This is something her instructor is working with her. I hear `look up, look up, look up` all the time! :lol: 

Thank you so much, you`re so very helpful.


----------



## LizzieE (Jun 1, 2012)

I just wanted to pipe in and say that I think it is great that you are so engaged in your daughter's lessons. My mom doesn't know much about horses, but over the years she has tried her best to understand and help me in any way she can. Looking for advice from all of us horse lovers online was a great idea! Good for you!


----------



## heymckate (Nov 23, 2010)

Your daughter seems to be progressing nicely! And I agree--way to go that you're interested in her lessons and wanting to ask the right questions!
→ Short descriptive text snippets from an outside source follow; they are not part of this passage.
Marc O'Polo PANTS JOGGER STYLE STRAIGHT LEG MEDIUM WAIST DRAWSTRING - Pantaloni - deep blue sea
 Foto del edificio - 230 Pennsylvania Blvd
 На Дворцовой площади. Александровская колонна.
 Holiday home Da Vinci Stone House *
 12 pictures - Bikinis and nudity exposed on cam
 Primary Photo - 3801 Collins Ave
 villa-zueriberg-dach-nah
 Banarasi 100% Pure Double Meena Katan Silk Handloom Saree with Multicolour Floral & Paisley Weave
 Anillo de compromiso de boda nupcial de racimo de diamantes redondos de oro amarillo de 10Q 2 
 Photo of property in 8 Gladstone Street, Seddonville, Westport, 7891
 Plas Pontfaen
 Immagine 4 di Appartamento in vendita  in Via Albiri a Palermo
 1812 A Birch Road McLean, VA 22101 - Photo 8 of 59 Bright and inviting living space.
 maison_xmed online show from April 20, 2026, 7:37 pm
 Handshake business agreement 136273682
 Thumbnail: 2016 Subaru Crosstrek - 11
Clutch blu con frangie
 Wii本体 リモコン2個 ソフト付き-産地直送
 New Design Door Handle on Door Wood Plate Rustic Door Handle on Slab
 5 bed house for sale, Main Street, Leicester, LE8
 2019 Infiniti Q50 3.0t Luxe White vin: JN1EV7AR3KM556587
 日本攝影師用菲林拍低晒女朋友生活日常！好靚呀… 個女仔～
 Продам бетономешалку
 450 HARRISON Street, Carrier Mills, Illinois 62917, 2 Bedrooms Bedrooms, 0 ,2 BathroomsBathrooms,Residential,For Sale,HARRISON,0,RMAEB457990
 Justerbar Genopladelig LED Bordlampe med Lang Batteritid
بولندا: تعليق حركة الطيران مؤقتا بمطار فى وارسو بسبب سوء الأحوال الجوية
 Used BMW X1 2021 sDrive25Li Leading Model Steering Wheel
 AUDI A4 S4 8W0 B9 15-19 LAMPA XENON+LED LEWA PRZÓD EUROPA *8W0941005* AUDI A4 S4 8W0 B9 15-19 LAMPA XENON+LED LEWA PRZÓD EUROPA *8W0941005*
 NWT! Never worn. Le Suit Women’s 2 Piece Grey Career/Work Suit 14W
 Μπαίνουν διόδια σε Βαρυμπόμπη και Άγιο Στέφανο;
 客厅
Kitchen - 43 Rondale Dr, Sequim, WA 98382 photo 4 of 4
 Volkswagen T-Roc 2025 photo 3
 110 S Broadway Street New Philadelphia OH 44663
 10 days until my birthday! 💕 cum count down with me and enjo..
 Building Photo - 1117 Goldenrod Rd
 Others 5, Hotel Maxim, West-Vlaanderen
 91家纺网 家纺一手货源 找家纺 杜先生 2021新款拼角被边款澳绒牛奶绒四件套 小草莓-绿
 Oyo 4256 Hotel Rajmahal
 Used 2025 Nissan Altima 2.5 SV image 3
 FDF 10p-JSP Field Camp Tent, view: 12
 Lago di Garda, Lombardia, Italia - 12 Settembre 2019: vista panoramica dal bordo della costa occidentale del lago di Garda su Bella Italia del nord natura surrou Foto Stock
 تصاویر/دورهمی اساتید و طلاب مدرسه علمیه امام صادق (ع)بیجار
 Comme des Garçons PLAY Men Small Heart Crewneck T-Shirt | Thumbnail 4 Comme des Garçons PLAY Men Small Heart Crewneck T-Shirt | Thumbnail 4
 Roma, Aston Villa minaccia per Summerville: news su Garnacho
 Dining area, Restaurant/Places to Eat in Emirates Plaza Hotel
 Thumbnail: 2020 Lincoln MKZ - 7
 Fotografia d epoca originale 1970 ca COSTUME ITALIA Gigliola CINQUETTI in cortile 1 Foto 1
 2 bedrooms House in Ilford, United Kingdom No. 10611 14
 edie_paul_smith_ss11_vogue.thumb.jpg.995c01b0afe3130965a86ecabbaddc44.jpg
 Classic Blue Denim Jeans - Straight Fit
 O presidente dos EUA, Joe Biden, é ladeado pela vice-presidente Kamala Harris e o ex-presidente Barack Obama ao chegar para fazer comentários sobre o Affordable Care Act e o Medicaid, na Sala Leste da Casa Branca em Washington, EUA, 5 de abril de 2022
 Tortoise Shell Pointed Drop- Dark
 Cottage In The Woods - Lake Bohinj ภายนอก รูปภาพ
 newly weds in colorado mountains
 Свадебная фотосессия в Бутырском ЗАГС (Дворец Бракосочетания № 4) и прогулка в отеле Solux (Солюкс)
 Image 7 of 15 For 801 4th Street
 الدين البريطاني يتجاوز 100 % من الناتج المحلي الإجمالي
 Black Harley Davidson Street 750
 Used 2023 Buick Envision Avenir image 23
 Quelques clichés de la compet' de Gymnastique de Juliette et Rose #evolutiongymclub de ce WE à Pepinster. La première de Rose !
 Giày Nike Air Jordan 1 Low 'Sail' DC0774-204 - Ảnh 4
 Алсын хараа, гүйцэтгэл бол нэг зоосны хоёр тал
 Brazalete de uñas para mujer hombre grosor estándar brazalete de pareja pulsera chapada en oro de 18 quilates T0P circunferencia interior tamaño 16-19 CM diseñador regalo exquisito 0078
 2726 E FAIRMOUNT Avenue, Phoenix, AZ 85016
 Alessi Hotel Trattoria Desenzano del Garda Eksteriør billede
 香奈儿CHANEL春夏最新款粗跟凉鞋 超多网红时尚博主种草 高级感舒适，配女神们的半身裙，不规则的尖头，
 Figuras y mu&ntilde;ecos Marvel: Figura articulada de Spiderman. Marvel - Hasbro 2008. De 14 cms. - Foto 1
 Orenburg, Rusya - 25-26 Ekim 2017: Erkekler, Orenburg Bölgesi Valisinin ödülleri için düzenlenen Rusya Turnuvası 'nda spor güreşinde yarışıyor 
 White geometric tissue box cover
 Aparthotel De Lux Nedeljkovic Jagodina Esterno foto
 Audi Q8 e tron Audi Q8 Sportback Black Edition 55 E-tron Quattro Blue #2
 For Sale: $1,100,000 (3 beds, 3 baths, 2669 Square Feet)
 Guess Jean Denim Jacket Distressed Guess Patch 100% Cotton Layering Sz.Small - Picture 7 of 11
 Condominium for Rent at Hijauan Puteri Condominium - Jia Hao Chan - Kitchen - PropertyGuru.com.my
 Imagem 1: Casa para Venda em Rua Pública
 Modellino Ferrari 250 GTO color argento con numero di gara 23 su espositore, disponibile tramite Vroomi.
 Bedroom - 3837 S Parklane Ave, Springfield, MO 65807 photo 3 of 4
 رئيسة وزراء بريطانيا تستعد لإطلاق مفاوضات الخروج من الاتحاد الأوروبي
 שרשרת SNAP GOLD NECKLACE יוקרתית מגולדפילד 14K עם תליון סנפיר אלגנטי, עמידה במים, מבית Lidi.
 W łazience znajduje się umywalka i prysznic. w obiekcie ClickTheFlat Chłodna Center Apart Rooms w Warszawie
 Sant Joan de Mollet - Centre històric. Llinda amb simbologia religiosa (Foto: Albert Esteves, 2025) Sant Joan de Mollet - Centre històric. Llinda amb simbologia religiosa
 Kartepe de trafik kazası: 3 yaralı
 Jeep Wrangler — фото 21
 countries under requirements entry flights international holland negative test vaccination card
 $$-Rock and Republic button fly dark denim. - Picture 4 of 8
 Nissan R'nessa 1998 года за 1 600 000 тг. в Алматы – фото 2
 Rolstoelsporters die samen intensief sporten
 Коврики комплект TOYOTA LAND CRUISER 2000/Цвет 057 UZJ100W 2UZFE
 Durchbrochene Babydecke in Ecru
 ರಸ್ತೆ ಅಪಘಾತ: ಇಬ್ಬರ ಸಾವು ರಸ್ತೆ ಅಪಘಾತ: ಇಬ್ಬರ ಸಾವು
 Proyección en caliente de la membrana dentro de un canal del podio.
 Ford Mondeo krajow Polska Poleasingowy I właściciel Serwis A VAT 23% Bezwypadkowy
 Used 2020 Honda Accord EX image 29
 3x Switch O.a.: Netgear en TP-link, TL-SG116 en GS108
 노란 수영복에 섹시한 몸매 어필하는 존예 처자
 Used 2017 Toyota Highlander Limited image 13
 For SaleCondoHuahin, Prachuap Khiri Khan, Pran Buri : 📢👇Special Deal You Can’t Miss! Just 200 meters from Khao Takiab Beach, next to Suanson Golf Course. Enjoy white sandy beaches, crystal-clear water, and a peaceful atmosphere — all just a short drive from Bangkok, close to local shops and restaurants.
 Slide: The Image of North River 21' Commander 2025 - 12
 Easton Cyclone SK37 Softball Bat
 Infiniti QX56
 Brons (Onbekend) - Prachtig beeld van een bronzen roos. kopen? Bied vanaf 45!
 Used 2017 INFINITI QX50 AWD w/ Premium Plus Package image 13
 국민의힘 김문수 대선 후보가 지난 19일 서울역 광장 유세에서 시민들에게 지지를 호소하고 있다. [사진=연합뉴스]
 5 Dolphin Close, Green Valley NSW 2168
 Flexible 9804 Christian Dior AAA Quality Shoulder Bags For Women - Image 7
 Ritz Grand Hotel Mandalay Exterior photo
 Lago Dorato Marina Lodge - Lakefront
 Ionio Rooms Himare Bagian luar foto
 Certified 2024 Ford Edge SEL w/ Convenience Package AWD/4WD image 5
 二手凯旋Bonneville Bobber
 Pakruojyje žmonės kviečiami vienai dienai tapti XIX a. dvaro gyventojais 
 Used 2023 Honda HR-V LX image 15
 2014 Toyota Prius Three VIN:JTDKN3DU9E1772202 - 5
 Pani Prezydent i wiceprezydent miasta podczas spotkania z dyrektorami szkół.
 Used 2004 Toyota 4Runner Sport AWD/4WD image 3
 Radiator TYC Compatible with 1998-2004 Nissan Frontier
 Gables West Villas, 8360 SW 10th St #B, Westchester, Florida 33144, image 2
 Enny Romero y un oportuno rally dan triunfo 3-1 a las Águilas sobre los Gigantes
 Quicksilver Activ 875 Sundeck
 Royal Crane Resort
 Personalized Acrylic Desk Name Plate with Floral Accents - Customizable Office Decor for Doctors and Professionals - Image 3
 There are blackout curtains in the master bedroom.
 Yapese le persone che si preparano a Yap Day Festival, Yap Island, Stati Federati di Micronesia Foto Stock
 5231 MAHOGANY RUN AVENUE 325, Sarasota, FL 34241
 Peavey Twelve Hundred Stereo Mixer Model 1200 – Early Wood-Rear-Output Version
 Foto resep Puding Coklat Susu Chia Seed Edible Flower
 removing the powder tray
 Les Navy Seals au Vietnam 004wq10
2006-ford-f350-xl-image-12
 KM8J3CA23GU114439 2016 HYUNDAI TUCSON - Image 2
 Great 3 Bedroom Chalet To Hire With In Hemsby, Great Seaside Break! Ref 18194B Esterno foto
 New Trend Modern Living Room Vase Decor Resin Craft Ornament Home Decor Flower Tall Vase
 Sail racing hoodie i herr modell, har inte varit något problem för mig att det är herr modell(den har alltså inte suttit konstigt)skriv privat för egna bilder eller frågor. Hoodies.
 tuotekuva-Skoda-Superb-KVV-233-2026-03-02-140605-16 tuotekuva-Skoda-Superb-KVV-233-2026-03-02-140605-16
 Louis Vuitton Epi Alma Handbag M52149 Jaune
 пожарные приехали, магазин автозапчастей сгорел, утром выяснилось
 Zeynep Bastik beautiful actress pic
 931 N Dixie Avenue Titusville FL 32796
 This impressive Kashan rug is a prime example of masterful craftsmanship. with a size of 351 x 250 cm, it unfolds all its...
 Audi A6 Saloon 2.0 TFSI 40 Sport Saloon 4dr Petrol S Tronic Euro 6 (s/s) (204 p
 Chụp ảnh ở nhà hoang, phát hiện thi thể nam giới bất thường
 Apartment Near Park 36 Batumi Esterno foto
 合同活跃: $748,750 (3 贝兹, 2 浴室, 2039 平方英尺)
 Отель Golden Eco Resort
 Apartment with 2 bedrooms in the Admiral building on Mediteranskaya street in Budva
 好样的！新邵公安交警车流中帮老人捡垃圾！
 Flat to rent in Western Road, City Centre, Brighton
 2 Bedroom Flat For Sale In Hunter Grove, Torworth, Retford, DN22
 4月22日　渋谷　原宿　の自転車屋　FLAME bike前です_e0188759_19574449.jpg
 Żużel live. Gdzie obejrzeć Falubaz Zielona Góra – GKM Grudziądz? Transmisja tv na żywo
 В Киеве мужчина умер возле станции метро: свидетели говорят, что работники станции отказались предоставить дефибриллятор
Her holding her two-point position going towards the jump isn't uncommon for beginner riders. As she gets better and gets the "feel" of the jump better, her instructor will likely at some point have her stop it. But it's a good training tool to get beginner jumpers into a good position over fences--this way they don't get left behind.


----------



## BlondieHorseChic (May 6, 2011)

It all depends on the riders progress and the instructors way of teaching. I was taught when I 'upgraded' to the next level horse which also ment a little higher jumps.
Yes, in my experience there are different ways to jump. Most people tend to do what they feel most comfortable with. In fact not to long ago people would hardly get into a 2 point and some riders would just collapse on their horses neck over the jumps. I don't really know if one is better than the other. I just jump how I feel most comfortable and whatever is best for my horse. ( he is still learning o jump so we get a weirs jump every now and then so I really have to work at feeling for when he is going to jump)

Your welcome!!!
And I am really glad you are trying to understand what goes on in your daughters lessons. My parents would just drop me off and leave. They only watched me ride at shows.


----------



## horselessmom (Apr 20, 2012)

LizzieE said:


> I just wanted to pipe in and say that I think it is great that you are so engaged in your daughter's lessons. My mom doesn't know much about horses, but over the years she has tried her best to understand and help me in any way she can. Looking for advice from all of us horse lovers online was a great idea! Good for you!


I`m trying! 



heymckate said:


> Your daughter seems to be progressing nicely! And I agree--way to go that you're interested in her lessons and wanting to ask the right questions!
> 
> Her holding her two-point position going towards the jump isn't uncommon for beginner riders. As she gets better and gets the "feel" of the jump better, her instructor will likely at some point have her stop it. But it's a good training tool to get beginner jumpers into a good position over fences--this way they don't get left behind.


Good to know, thank you.



BlondieHorseChic said:


> It all depends on the riders progress and the instructors way of teaching. I was taught when I 'upgraded' to the next level horse which also ment a little higher jumps.
> Yes, in my experience there are different ways to jump. Most people tend to do what they feel most comfortable with. In fact not to long ago people would hardly get into a 2 point and some riders would just collapse on their horses neck over the jumps. I don't really know if one is better than the other. I just jump how I feel most comfortable and whatever is best for my horse. ( he is still learning o jump so we get a weirs jump every now and then so I really have to work at feeling for when he is going to jump)
> 
> Your welcome!!!
> And I am really glad you are trying to understand what goes on in your daughters lessons. My parents would just drop me off and leave. They only watched me ride at shows.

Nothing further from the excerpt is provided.